Change came with breath-taking speed. In barely a year’s time, Love and Ysunza and Kentucky’s other plaintiffs won in U.S. District Court in Louisville; lost at the U.S. 6th Circuit Court of Appeals in Cincinnati in a case also involving couples from Tennessee, Ohio and Michigan; and won again at the nation’s highest court in June 2015. That last victory was the final word.

“It would misunderstand these men and women to say they disrespect the idea of marriage,” Justice Anthony Kennedy wrote for the court’s majority. “Their plea is that they do respect it, respect it so deeply that they seek to find its fulfillment for themselves. Their hope is not to be condemned to live in loneliness, excluded from one of civilization’s oldest institutions. They ask for equal dignity in the eyes of the law. The Constitution grants them that right.”

Schuman was filming at Landenwich’s law office in downtown Louisville when the Supreme Court released its decision.

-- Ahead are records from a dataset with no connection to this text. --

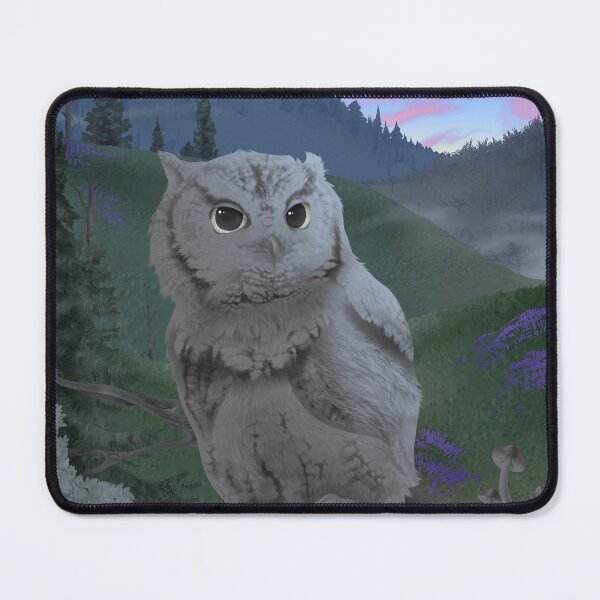 Item preview, Screech Owl in Lupine Mountains designed and sold by JaybirdArtCreations.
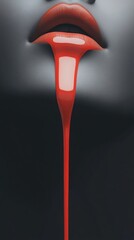 Lips with vibrant red liquid dripping create a striking visual contrast, AI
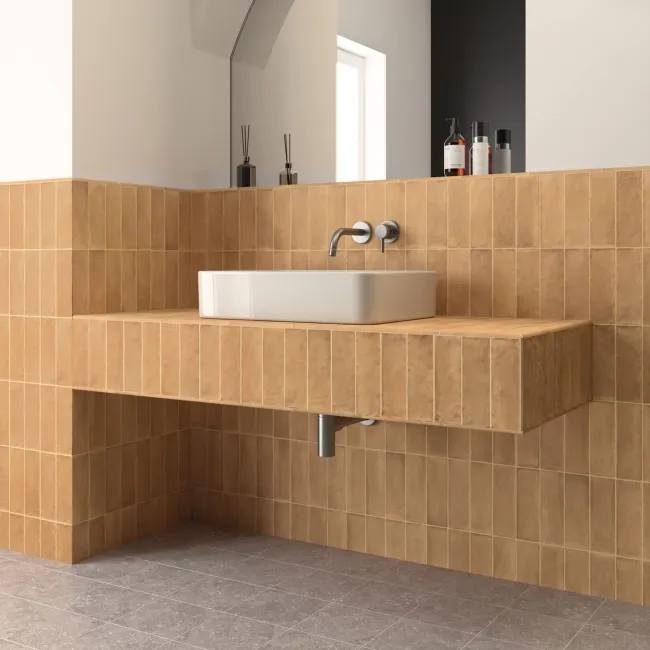 Sabbia Terracotta Stone Brick Look Matt Ceramic Tile 65x200mm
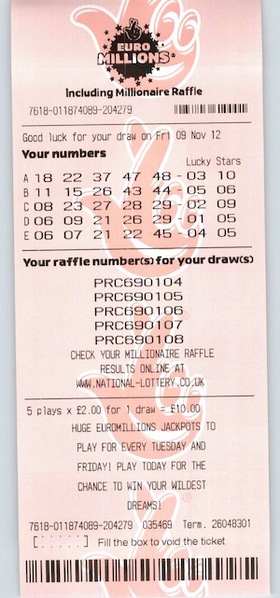 Scanned EuroMillions Ticket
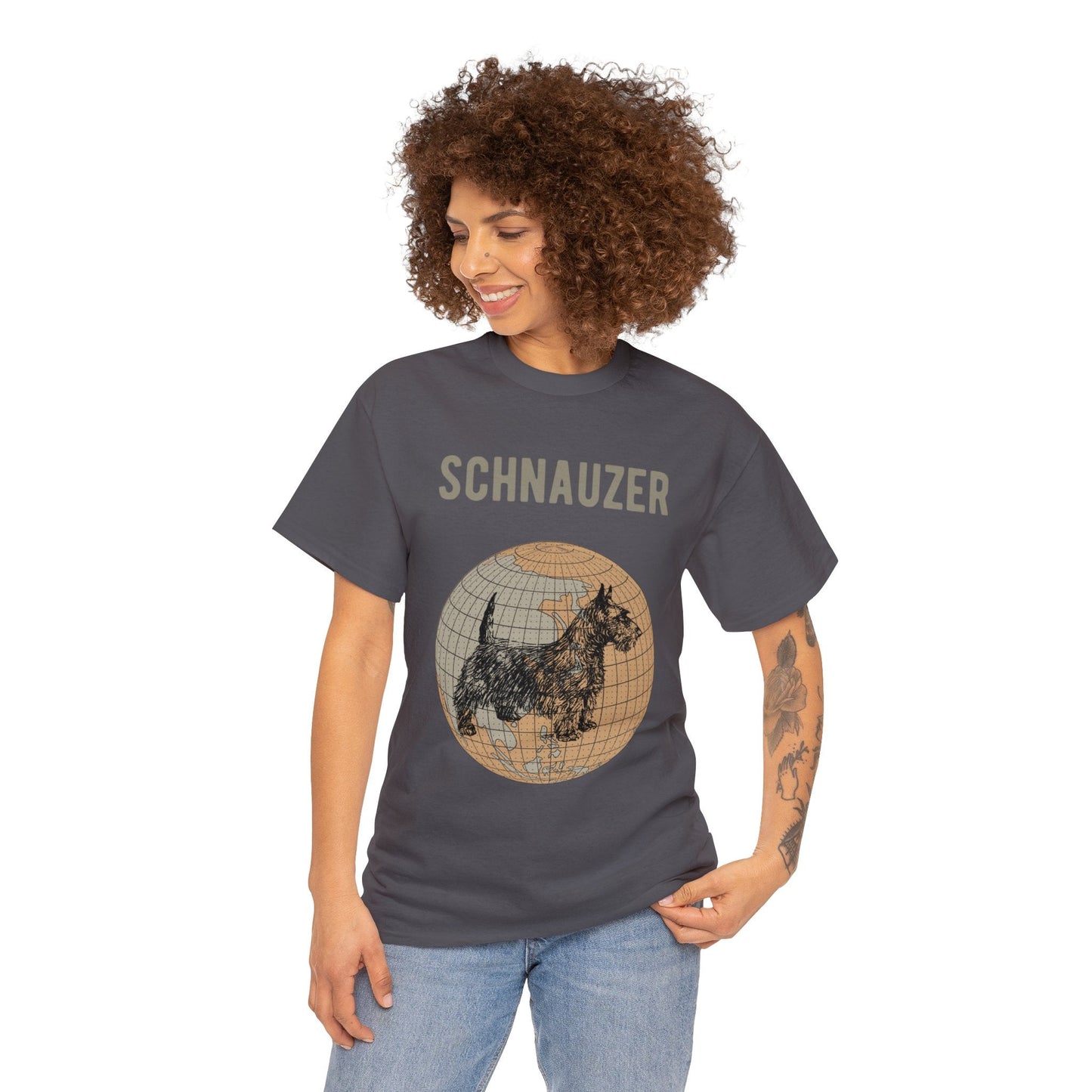 Schnauzer T-Shirt, Old- World Map Tee Atlas Wanderlust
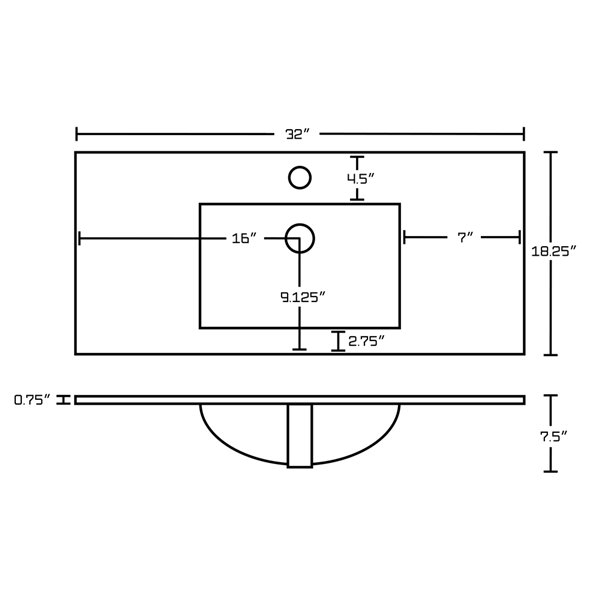 American Imaginations Roxy 32-in White/Black Enamel Glaze Fire Clay Single Sink Bathroom Vanity Top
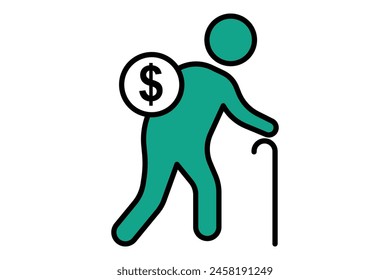icono de jubilación. anciano usando bastón con dólar. icono relacionado con anciano. estilo de icono de línea plana. ilustración de elemento de edad avanzada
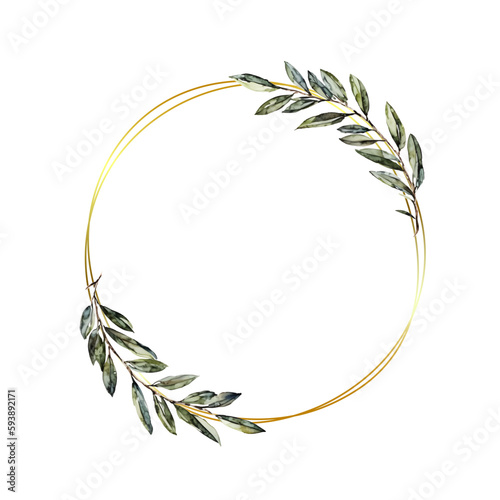 Round wreath of olive branches. Olive leaves in a round gold frame. Vector illustration.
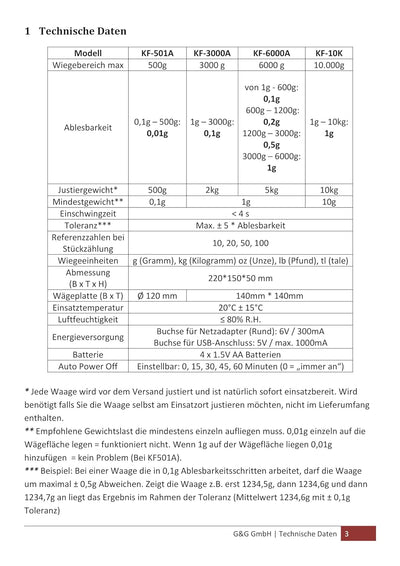 G&G KF 3kg / 0.1g, einstellbare Abschaltautomatik, Küchenwaagen Feinwaage, mit Netzteil und Batterie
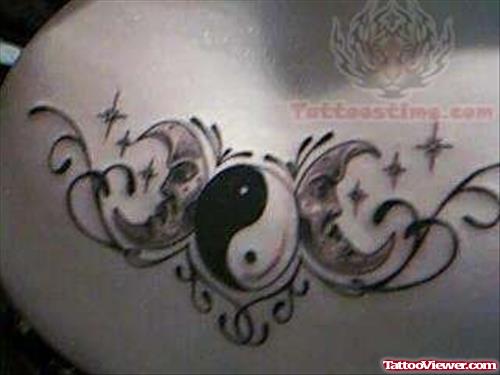 Ying Yang And Moon Tattoos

“It was ecstatic,” he said. “You get to see that moment in the film. They were on the computer checking SCOTUSblog, waiting for the decision, and then suddenly there’s the word ‘marriage,’ and there’s a tense silence as they’re all reading, reading, and then they shout ‘Yes!’”

Kentucky was a fascinating place from which to watch the fight for marriage equality, Schuman said.

It’s a conservative state that passed a law against same-sex marriage in 1998 and followed up in 2004 with a constitutional amendment that had the overwhelming support of voters. Many Kentuckians, therefore, were shocked when U.S. District Judge John Heyburn declared the marriage ban to be unconstitutional because it denied gays and lesbians the same basic rights as their fellow citizens.

Jack Conway, then Kentucky’s attorney general, told reporters he could not in good conscience defend the marriage ban in the appeals courts. Conway cried as he said that he had to be able to look his young daughters in the eye and know that he did the moral thing. Left without a lawyer, then-Gov. Steve Beshear hired a private law firm to represent the state.

Opponents of same-sex marriage protested that they often were depicted as bigots when they only wanted to protect the traditional definition of marriage — one man and one woman.

“President Obama once was for traditional marriage. Was he a hatemonger?” Kent Ostrander of the Family Foundation asks in the film.

Speaking of opponents, Schuman and Swanson debated how much time in the documentary to devote to Rowan County Clerk Kim Davis, who briefly led a high-profile protest against same-sex marriage by refusing to issue marriage licenses to anyone at her courthouse. They opted to limit Davis to a passing reference near the end.

“We decided that Kim Davis was one of the inevitable reactions you see to the case, and when we set out, what we had really wanted to focus on was the case itself. She was like that Alabama chief justice who stood up after the marriage decision to announce that he wasn’t going to enforce it,” Schuman said. “But these are simply ripple effects. She’s just not that important in the historic view, in the long run.”

Love v. Kentucky can be rented or purchased online at Amazon, iTunes, Vimeo and on demand through Dish and most local cable providers.

John Cheves: 859-231-3266, @BGPolitics

This story was originally published February 13, 2017 at 4:24 PM with the headline "New documentary explores Kentucky’s role in legalization of same-sex marriage."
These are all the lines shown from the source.